- [Requirement]: Retype each entry below, keeping every character the same.

[Short web captions]
____________________

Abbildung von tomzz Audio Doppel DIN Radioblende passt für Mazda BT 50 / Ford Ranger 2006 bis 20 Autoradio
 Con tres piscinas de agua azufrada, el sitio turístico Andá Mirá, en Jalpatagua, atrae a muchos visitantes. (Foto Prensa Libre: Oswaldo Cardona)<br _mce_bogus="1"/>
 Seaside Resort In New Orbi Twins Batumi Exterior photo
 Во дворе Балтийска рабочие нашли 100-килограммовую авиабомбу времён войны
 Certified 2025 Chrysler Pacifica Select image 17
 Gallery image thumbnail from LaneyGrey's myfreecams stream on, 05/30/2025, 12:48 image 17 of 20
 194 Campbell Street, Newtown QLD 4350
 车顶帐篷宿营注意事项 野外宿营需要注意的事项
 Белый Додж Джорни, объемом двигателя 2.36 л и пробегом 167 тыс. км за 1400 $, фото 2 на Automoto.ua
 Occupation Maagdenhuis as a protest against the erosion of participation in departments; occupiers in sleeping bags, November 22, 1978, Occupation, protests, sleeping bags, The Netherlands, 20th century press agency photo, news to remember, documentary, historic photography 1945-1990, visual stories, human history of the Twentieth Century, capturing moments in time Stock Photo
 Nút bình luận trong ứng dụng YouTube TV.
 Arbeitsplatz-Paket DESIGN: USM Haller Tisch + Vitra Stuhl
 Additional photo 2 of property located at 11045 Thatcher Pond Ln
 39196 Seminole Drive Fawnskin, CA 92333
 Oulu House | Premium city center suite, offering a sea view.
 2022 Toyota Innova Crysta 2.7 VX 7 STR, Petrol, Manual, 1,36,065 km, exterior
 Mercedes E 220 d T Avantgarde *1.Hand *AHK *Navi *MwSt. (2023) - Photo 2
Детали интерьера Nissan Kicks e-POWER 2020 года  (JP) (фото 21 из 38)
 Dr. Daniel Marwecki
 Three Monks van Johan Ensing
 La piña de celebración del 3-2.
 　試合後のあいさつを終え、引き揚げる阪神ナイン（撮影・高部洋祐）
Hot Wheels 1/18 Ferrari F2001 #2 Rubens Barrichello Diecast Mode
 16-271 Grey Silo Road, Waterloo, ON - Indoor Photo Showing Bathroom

____________________

- [Answer for the task]:
Abbildung von tomzz Audio Doppel DIN Radioblende passt für Mazda BT 50 / Ford Ranger 2006 bis 20 Autoradio
 Con tres piscinas de agua azufrada, el sitio turístico Andá Mirá, en Jalpatagua, atrae a muchos visitantes. (Foto Prensa Libre: Oswaldo Cardona)<br _mce_bogus="1"/>
 Seaside Resort In New Orbi Twins Batumi Exterior photo
 Во дворе Балтийска рабочие нашли 100-килограммовую авиабомбу времён войны
 Certified 2025 Chrysler Pacifica Select image 17
 Gallery image thumbnail from LaneyGrey's myfreecams stream on, 05/30/2025, 12:48 image 17 of 20
 194 Campbell Street, Newtown QLD 4350
 车顶帐篷宿营注意事项 野外宿营需要注意的事项
 Белый Додж Джорни, объемом двигателя 2.36 л и пробегом 167 тыс. км за 1400 $, фото 2 на Automoto.ua
 Occupation Maagdenhuis as a protest against the erosion of participation in departments; occupiers in sleeping bags, November 22, 1978, Occupation, protests, sleeping bags, The Netherlands, 20th century press agency photo, news to remember, documentary, historic photography 1945-1990, visual stories, human history of the Twentieth Century, capturing moments in time Stock Photo
 Nút bình luận trong ứng dụng YouTube TV.
 Arbeitsplatz-Paket DESIGN: USM Haller Tisch + Vitra Stuhl
 Additional photo 2 of property located at 11045 Thatcher Pond Ln
 39196 Seminole Drive Fawnskin, CA 92333
 Oulu House | Premium city center suite, offering a sea view.
 2022 Toyota Innova Crysta 2.7 VX 7 STR, Petrol, Manual, 1,36,065 km, exterior
 Mercedes E 220 d T Avantgarde *1.Hand *AHK *Navi *MwSt. (2023) - Photo 2
Детали интерьера Nissan Kicks e-POWER 2020 года  (JP) (фото 21 из 38)
 Dr. Daniel Marwecki
 Three Monks van Johan Ensing
 La piña de celebración del 3-2.
 　試合後のあいさつを終え、引き揚げる阪神ナイン（撮影・高部洋祐）
Hot Wheels 1/18 Ferrari F2001 #2 Rubens Barrichello Diecast Mode
 16-271 Grey Silo Road, Waterloo, ON - Indoor Photo Showing Bathroom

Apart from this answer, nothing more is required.